Intel on Thursday notified its partners and customers that it would be discontinuing its Itanium 9700-series (codenamed Kittson) processors, the last Itanium chips on the market. Under their product discontinuance plan, Intel will cease shipments of Itanium CPUs in mid-2021, or a bit over two years from now. The impact to hardware vendors should be minimal – at this point HP Enterprise is the only company still buying the chips – but it nonetheless marks the end of an era for Intel and their interesting experiment into a non-x86 VLIW-style architecture.

The current-generation octa and quad-core Itanium 9700-series processors were introduced by Intel in 2017, in the process becoming the final processors based on the IA-64 ISA. Kittson for its part was a clockspeed-enhanced version of the Itanium 9500-series ‘Poulson’ microarchitecture launched in 2012, and featured a 12 instructions per cycle issue width, 4-way Hyper-Threading, and multiple RAS capabilities not found on Xeon processors back then.

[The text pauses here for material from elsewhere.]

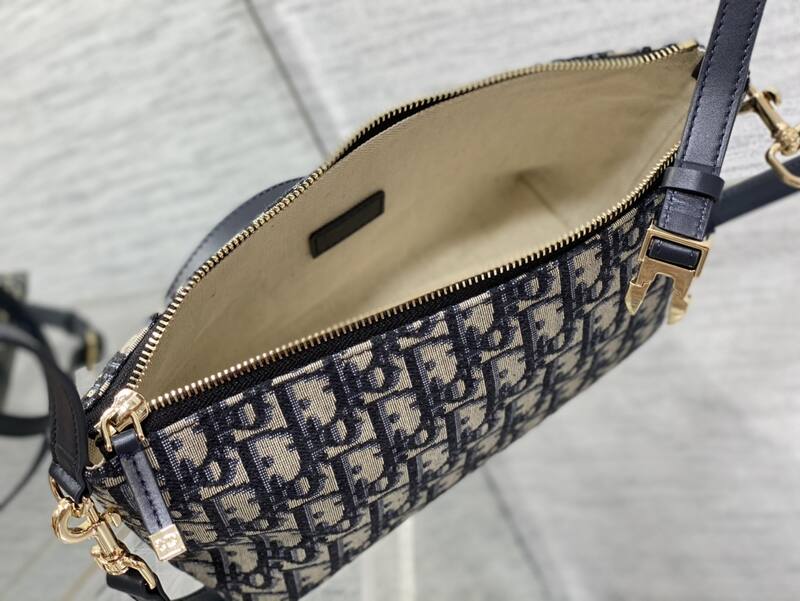 Dior Oblique navy beige shoulder — Premium Replica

It goes without saying that the writing has been on the wall for Itanium for a while now, and Intel has been preparing for an orderly wind-down for quite some time.

At this point, the only systems that actually use Itanium 9700-series CPUs are the HPE Integrity Superdome machines, which are running the HP-UX 11i v3 operating system and launched in mid-2017. So Intel's sole Itanium customer will have to submit their final Itanium orders – as well as orders for Intel’s C112/C114 scalable memory buffers – by January 30, 2020. Intel will then ship its last Itanium CPUs by July 29, 2021. HPE for its part will support their systems through at least December 31, 2025, but depending on how much stock HPE wants to keep on hand, they'll presumably stop selling them a few years sooner than that.

With the EOL plan for the Itanium 9700-series CPUs in place, it certainly means that this is the end of the road for the whole Itanium project, both for HPE and Intel. The former has been offering Xeon-based NonStop and Integrity servers for years now, whereas the latter effectively ceased development of new CPUs featuring the IA-64 ISA earlier this decade. The machines running these CPUs will of course continue their operations through at least late 2025 (or until HPE drops HP-UX 11i v3) simply because mission-critical systems are bought for the long-haul, but Intel will cease shipments of Itaniums in 2.5 years from now.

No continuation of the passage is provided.